DiSCo: LLM Knowledge Distillation for Efficient Sparse Retrieval in Conversational Search
Simon Lupart, Mohammad Aliannejadi, Evangelos Kanoulas
TL;DR
DiSCo tackles efficiency challenges in conversational search by avoiding heavy LLM inference for retrieval. It introduces a score-level distillation framework that unifies context modeling and retrieval, distilling similarity scores between rewritten queries and documents instead of enforcing a fixed representation. The approach supports multiple teachers and a fusion mechanism, yielding state-of-the-art results on five CS datasets in both in-domain and out-of-domain settings, with notable gains in recall and improved sparsity control.

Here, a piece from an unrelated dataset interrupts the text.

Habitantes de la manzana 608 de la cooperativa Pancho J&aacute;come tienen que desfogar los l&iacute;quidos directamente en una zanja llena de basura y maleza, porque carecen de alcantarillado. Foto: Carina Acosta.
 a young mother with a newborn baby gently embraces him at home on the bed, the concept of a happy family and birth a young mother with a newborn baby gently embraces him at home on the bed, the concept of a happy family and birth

DiSCo demonstrates robustness to teacher quality and offers practical efficiency by reducing reliance on LLM calls while maintaining high retrieval performance.
Abstract
Conversational Search (CS) involves retrieving relevant documents from a corpus while considering the conversational context, integrating retrieval with context modeling. Recent advancements in Large Language Models (LLMs) have significantly enhanced CS by enabling query rewriting based on conversational context. However, employing LLMs during inference poses efficiency challenges. Existing solutions mitigate this issue by distilling embeddings derived from human-rewritten queries, focusing primarily on learning the context modeling task. These methods, however, often separate the contrastive retrieval task from the distillation process, treating it as an independent loss term. To overcome these limitations, we introduce DiSCo (Distillation of Sparse Conversational retrieval), a novel approach that unifies retrieval and context modeling through a relaxed distillation objective. Instead of relying exclusively on representation learning, our method distills similarity scores between conversations and documents, providing more freedom in the representation space and better leveraging the contrastive nature of document relevance. Extensive experiments on Learned Sparse Retrieval (LSR) across five CS datasets demonstrate that DiSCo achieves substantial improvements in both in-domain and out-of-domain retrieval tasks, achieving up to a six-point gain in recall for out-of-domain datasets over state-of-the-art methods. Additionally, DiSCo employs a multi-teacher distillation strategy, using multiple LLMs as teachers, further enhancing performance and surpassing the individual teachers in in-domain settings. Furthermore, analysis of model sparsity reveals that DiSCo allows for more effective control over the sparsity of the trained models.